The price fell from 224 to 209.8, giving an average price of Rs. 215 on the market. (They didn’t square off any futures, they let it expire at 8 crore shares). In 10 minutes with around 8 crore shares short in the futures market, Reliance also sold 2.29 crores of shares, hitting the market with Rs. 500 crore of volume in 10 minutes. To give you some context, even today, 10 years, later, Reliance shares themselves trade only 500 crore in an entire day. They hit that much in RPL in 10 minutes. Obviously the price had to fall.
Prices lower than the bid
SEBI is also miffed that in these 10 minutes, orders to sell were placed below the best bid. Meaning there was a better price, but they chose to sell at a price below (limit order).
SEBI says this is indicative of manipulation. In reality you have to do this because the best buyer may want to buy just 10 shares. But you want to sell 2.29 crore shares. And you have 10 minutes. So yeah, you will place orders lower than the bid. (You could otherwise hit market orders, which SEBI would deem even more manipulative)
End-result: Reliance fined
Reliance has been fined for all the profit made in the futures trade – of Rs. 447 crore. Plus 12% interest a year since then. This adds up to around Rs. 950 crore. They also cannot trade derivatives for a year. This means Reliance can’t buy or sell futures or options.

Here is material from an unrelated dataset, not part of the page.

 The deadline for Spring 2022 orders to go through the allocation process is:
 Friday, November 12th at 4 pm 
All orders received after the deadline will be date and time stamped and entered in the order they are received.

This does not mean Reliance shares cannot be traded by you in F&O. Reliance shares will continue to trade normally in both the cash and derivatives segments. Reliance will contest this ruling. It’s been trying to get a consent order on it for the last decade, and pay a lower fine. But the order is strongly indicative of fraud, and Reliance won’t want that to hurt its name, or pay that massive fine. At least, not easily. It will appeal to SAT and perhaps later, to the Supreme Court.
The new SEBI chief, Ajay Tyagi, seems to be a no-nonsense guy. This case has been stalled because of a lot of political pressure on SEBI, apparently. Tyagi took over recently and has let this happen, which is refreshing.
Reliance was going to pay a fine. It knew that. That’s why it wanted a consent order. The question is largely about “how much”. And now, it also means the murky details are out, which would have been hidden in a consent order. So while it appeals to save reputation, a fine of some sort will eventually be paid.
The amount isn’t a big deal. Even Rs 1,000 crore will not crimp Reliance much, and remember it made nearly 4500 crore on that one RPL month, selling about 20 crore shares of RPL. And later, in March 2009, it bought Chevron’s 5% stake (22.5 crore shares) at a price of Rs. 60. Just the difference between the two prices in 18 months would have made it about Rs. 4000 crore in profit including the hedge. The money isn’t punitive, so shouldn’t hurt that much.
In general, I believe position limits are too small. We should allow them to be increased. In today’s day, such a sale would be done by QIP. Such shares will be thulped onto institutions in big blocks, and those institutions love to buy and buy and buy. Money is flowing, so such QIPs are easy. You don’t have to do hedges and all that. But what Reliance did is what larger participants have to do if they want to sell in the market. But Reliance could have done it better – selling evenly through the period, not maintaining a higher hedge than necessary and so on. Taking away the profit on such transactions is good regulation, but weak.
To deter players, you need punitive damages so others don’t do it. And as we’ve said, today such transactions are done wholesale rather than retail. In the retail market, there are far more manipulative trades rigging up stock prices and letting them fall, and SEBI needs to address that as well.